In computing, a graph database is a database that uses graph structures for semantic queries with nodes, edges, and properties to represent and store data. A graph database is any storage system that provides index-free adjacency. This means that every element contains a direct pointer to its adjacent elements and no index lookups are necessary. General graph databases that can store any graph are distinct from specialized graph databases such as triplestores and network databases. (source: Wikipedia)
The workshop was led by Stephan (@Piratevsninja) – thank you very much! – and we used Neo4j, the most popular open source graph database. After this day of dive-in I can say I can start to create my first graph database application without asking myself all the time what the hell am I doing 🙂
Also: what is a graph database?
On a very high level we can split the databases into two types: RDBMS and NoSQL. In other words: into relational and nonrelational storages.
NoSQL databases – called by Martin Fowler Not Only SQL have the main focus on the data model and not on the relations between the data. Mostly there isn’t any relation between the entities. They can be differentiated based on the data model they use. Here some examples: Key-value storages (Redis, CouchDB, etc.), Document DBs (Lotus Notes, MongoDB, etc.), Column based DBs (Cassandra, HBase, etc.).
Relational databases (RDBMS) store the data denormalized and define the relations between the data types (also ALL the entries of one type). I don’t think I have to give examples for our plain old databases: if you can join and distinct data you are in the world of relational databases.
Graph databases combine both worlds: they are relational databases with the main focus on the relations between the data (not between the data model) – or like Stephan formulated it: they put data in the context of relationships.
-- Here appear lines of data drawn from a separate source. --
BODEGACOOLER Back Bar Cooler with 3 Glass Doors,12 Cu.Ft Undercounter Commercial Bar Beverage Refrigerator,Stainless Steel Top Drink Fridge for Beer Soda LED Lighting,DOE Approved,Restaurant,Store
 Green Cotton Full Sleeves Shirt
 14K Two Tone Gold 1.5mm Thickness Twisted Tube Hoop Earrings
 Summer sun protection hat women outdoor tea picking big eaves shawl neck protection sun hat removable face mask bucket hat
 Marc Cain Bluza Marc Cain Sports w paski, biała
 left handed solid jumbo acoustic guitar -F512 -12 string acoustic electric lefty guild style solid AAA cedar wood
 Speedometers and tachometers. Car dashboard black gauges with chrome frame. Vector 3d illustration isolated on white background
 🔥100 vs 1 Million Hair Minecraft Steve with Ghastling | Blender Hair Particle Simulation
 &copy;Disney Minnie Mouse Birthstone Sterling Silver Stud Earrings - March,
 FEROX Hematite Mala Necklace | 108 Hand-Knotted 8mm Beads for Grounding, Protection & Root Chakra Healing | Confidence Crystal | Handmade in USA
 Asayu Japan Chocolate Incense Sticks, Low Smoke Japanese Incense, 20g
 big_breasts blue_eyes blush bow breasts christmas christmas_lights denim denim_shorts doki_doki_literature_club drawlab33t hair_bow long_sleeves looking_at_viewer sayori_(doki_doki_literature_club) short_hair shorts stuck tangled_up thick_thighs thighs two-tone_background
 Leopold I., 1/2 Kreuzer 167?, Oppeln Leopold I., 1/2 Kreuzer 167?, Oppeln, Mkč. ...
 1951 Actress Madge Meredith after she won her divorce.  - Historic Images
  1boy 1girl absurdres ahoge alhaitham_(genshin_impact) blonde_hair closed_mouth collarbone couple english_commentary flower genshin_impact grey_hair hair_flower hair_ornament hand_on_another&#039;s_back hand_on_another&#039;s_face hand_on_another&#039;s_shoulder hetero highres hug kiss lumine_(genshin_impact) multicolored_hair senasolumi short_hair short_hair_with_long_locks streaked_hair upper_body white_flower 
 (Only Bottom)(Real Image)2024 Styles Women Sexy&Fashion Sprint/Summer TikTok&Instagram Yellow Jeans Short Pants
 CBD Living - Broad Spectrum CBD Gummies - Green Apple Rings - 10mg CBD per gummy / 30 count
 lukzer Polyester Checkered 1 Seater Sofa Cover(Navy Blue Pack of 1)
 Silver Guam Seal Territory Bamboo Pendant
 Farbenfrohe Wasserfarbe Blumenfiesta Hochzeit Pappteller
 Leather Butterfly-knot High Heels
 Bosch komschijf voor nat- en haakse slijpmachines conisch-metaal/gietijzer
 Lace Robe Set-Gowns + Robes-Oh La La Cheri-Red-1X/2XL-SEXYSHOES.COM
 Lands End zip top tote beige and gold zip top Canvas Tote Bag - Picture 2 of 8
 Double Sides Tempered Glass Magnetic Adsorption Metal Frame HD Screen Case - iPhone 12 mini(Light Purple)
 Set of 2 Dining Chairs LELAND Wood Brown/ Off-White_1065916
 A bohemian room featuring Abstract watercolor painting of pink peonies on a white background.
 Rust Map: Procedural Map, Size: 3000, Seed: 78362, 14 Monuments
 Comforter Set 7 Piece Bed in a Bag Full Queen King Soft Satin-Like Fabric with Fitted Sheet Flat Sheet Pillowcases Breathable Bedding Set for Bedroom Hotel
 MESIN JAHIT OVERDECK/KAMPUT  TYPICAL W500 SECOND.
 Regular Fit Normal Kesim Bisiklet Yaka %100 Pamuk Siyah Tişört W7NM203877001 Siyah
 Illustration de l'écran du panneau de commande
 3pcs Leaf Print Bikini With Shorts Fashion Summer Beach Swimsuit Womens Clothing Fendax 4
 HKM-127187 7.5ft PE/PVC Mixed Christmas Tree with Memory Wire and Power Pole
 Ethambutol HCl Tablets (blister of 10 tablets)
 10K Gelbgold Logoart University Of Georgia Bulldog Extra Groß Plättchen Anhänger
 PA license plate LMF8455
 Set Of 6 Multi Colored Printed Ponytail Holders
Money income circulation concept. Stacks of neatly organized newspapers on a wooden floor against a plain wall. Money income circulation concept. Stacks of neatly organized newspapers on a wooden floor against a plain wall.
How you define the content ?
A graph database contains nodes (instances like “Emil” and “Ian”) and relations between these nodes (“knows”). One node is defined through some properties and can be grouped through labels. They often have aliases to be easier to work with them:
Emil:Person {name:"Emil", age:"20"}, Ian:Person {name:"Ian"}
One relation is defined through a name, the nodes it connects and the direction of this connection. Relations can also have properties but they should be very carefully chosen. They must describe the relation and not the nodes.
(Emil)-[:KNOWS {certainty:100}]->(Ian)
Now is clear to see what is the difference between a “plain” relational and a graph database: for the former you care always about the data. For the latter the data means nothing without the relation to some other data.
Fine, I can set actors in relations. So what?
The most important point is: think around a corner. The fact that I can report that Ian knows Emil and Johann knows Emil too can be interesting but I don’t think there are any new business ideas in the domain of social connections which weren’t evaluated yet. What about the information that only 20% of the Swedish tourists who visit Germany and are between 18 and 25 do not speak German? This is surely a VERY interesting to know if you sell German dictionaries in the near of Universities…
I just invented this idea – I have no idea how many Swedish guys between 18 and 25 are speaking German 😉 – but this is what I mean with think around a corner!
What else remains to do?
After giving a good thought to the design: the relations and the connected data – like ids and oder characteristics but only if they are must-have – there are only a few things to do. Neo4j just like all the other graph databases have some kind of API to create, insert, update and query data. You only have to save the data across your application and create a UI (or use the one from Neo4j which is one of the coolest UI I ever saw) to create reports. Put this reports in front of the business analyst and you are done!